▶ [WHAT IS BEING ASKED] Only one stretch of the data should be retyped: the lines from the line containing "Today we're putting" through the line containing "To finish the". Keep pictures out of it.

▶ [EXERCISE MATERIAL]
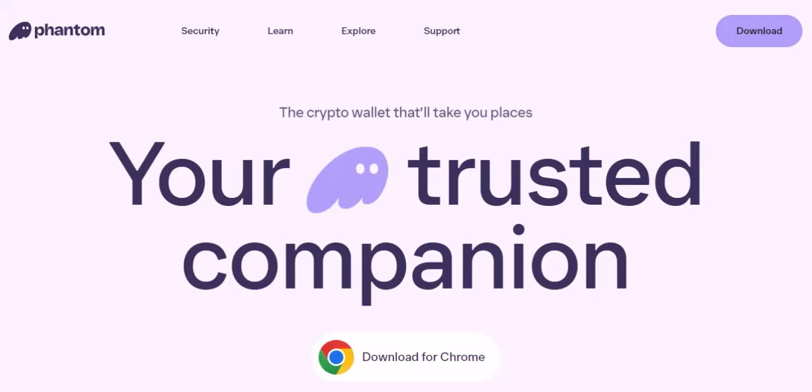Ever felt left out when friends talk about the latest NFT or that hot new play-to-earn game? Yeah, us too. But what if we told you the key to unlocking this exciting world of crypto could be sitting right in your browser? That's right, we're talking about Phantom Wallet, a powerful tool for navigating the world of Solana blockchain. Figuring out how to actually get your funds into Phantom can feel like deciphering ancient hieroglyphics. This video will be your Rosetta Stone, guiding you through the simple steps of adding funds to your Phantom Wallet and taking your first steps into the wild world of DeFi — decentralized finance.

--

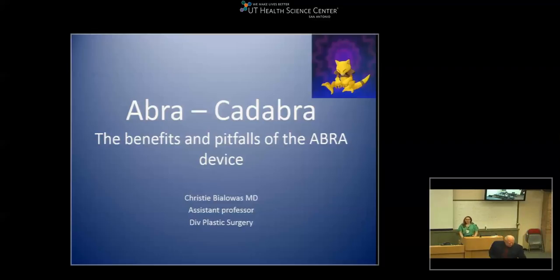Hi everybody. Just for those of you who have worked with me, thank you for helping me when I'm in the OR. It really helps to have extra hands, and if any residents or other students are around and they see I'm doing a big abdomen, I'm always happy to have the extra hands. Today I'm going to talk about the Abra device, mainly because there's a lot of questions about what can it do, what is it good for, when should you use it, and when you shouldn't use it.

---

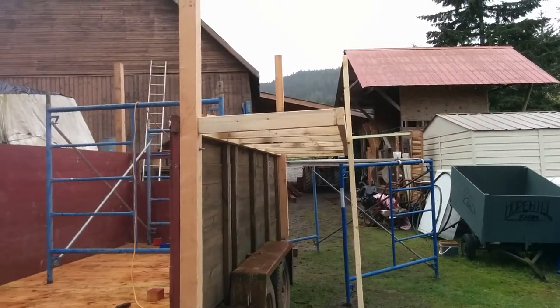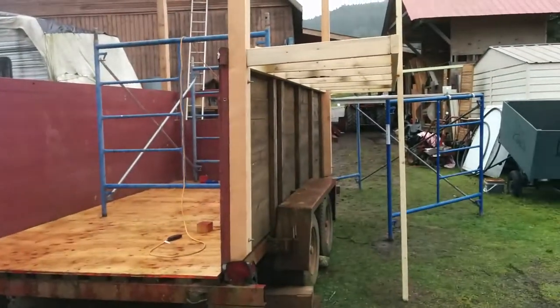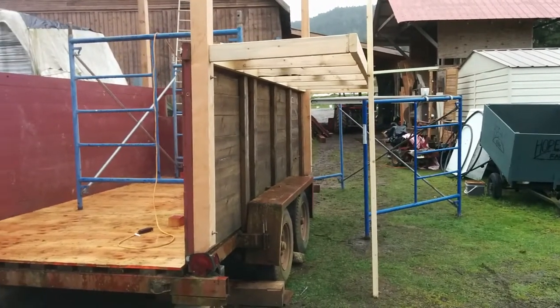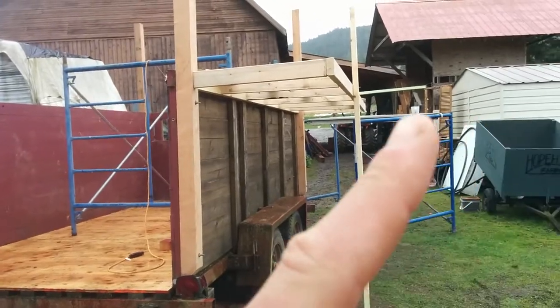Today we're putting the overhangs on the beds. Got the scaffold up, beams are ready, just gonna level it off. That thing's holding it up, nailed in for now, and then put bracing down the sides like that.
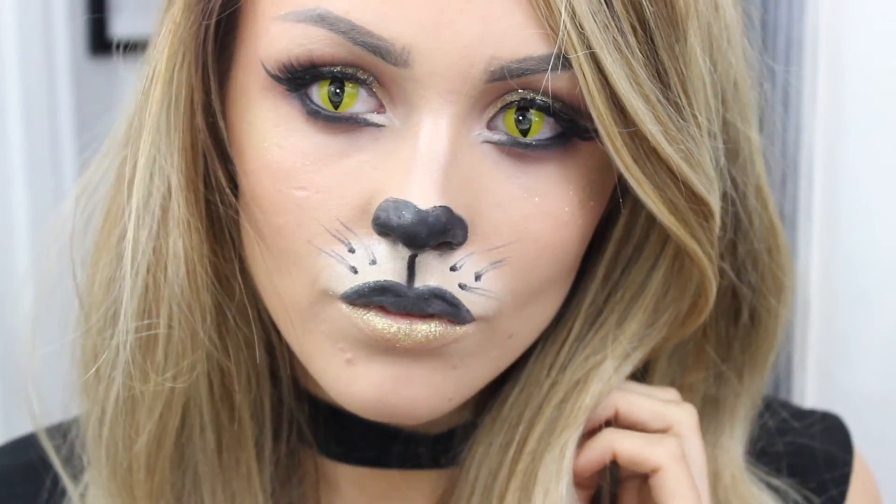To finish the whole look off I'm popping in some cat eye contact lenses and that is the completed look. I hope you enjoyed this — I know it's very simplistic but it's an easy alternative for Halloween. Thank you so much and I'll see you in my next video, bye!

▶ [RESPONSE]
Today we're putting the overhangs on the beds. Got the scaffold up, beams are ready, just gonna level it off. That thing's holding it up, nailed in for now, and then put bracing down the sides like that.
To finish the whole look off I'm popping in some cat eye contact lenses and that is the completed look. I hope you enjoyed this — I know it's very simplistic but it's an easy alternative for Halloween. Thank you so much and I'll see you in my next video, bye!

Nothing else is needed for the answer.